### WORK TO COMPLETE:
After dropping the pictures, give again exactly the lines of the data from its first line through the line with "Hall Image of", which is included as well.

### TASK DATA:

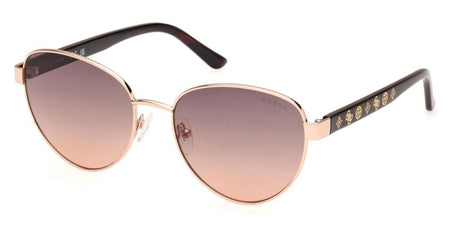 GUESS MOD. GU00101-0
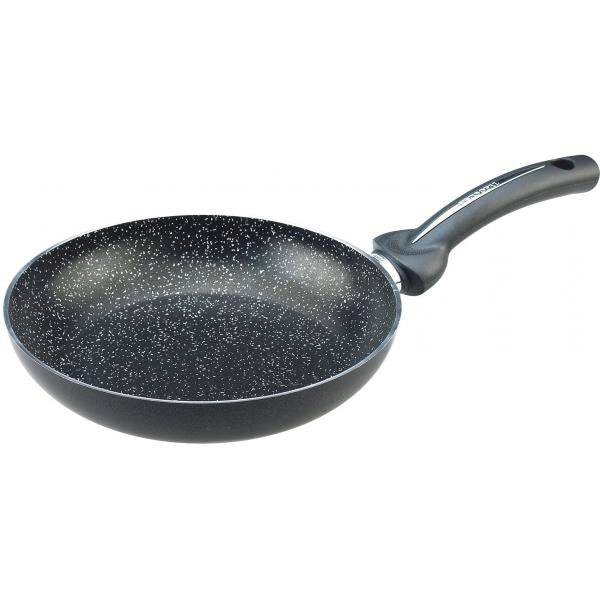 PADELLA ALTA BIOSTONE 26CM
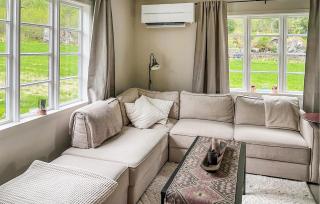 Gorgeous Home In Eikesdal - N28170 - 7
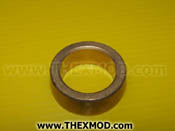 Bearing Sleeve - ACAR621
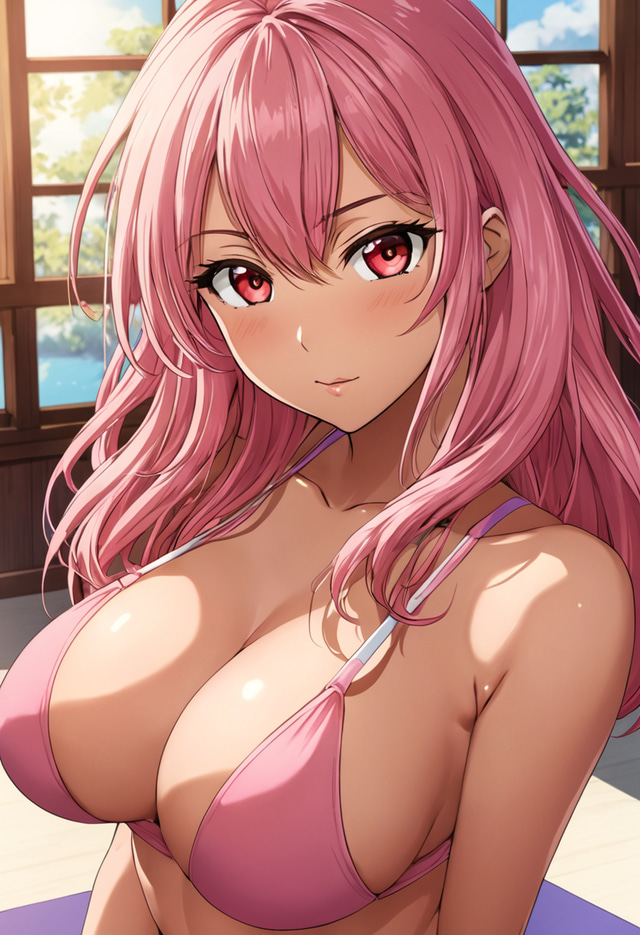 Casey Mckinney avatar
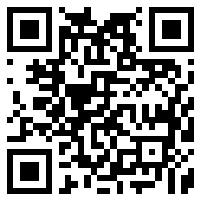 QR Code for LdEBWcjYi5Q64Nwpr1R4CE3ikCqTjnUTuh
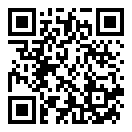 守卫基地二维码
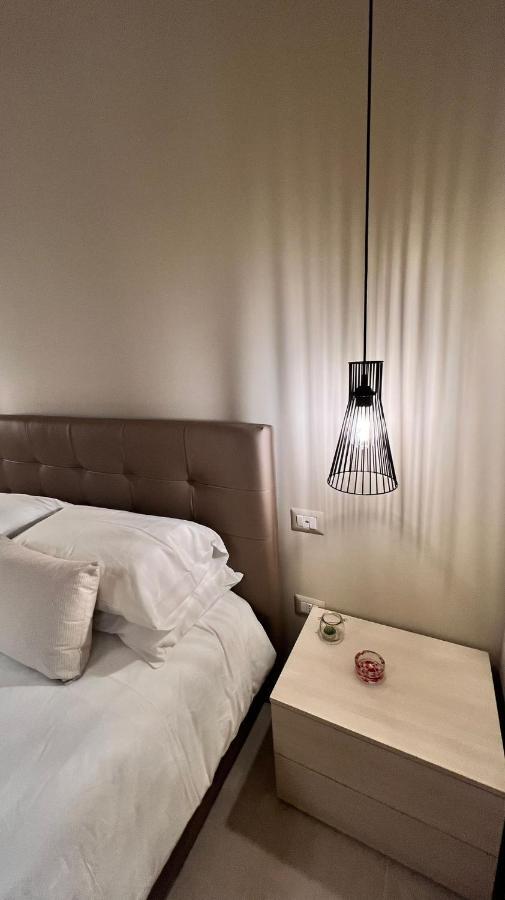 Apartament Casa Adriana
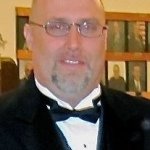 Profile Picture of Jeff Spradlin (@paul_jeffrey_photography) on Instagram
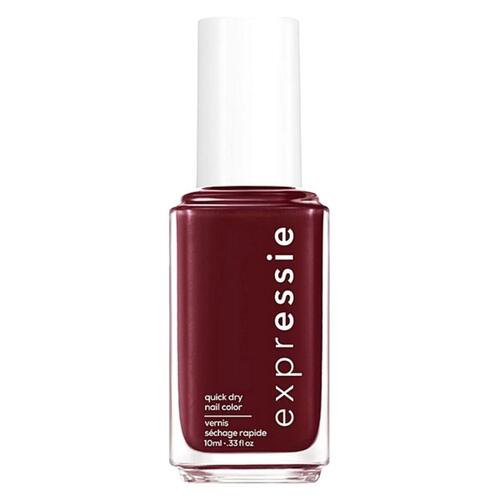 neglelak Expressie Essie (10 ml) 10 ml 270-misfit right in 10 ml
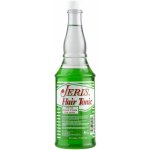 Clubman Jeris with oil tonikum na vlasy s olejem 400 ml – Hledejceny.cz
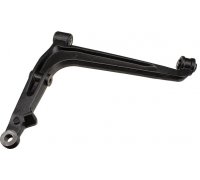 Важіль підвіски передній нижній лівий (з 1996 р.в.) VW Transporter T4 / Фольксваген Транспортер Т4 90-03 63874 SIDEM (Бельгія)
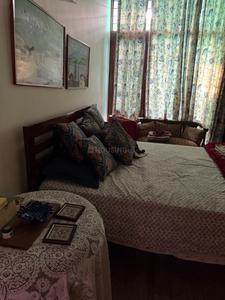 Hall Image of Rashi  in DLF Phase 3, Gurgaon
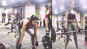 Rakulpreet's deadlifting is motivation for all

### EXERCISE RESPONSE:
 GUESS MOD. GU00101-0
 PADELLA ALTA BIOSTONE 26CM
 Gorgeous Home In Eikesdal - N28170 - 7
 Bearing Sleeve - ACAR621
 Casey Mckinney avatar
 QR Code for LdEBWcjYi5Q64Nwpr1R4CE3ikCqTjnUTuh
 守卫基地二维码
 Apartament Casa Adriana
 Profile Picture of Jeff Spradlin (@paul_jeffrey_photography) on Instagram
 neglelak Expressie Essie (10 ml) 10 ml 270-misfit right in 10 ml
 Clubman Jeris with oil tonikum na vlasy s olejem 400 ml – Hledejceny.cz
 Важіль підвіски передній нижній лівий (з 1996 р.в.) VW Transporter T4 / Фольксваген Транспортер Т4 90-03 63874 SIDEM (Бельгія)
 Hall Image of Rashi  in DLF Phase 3, Gurgaon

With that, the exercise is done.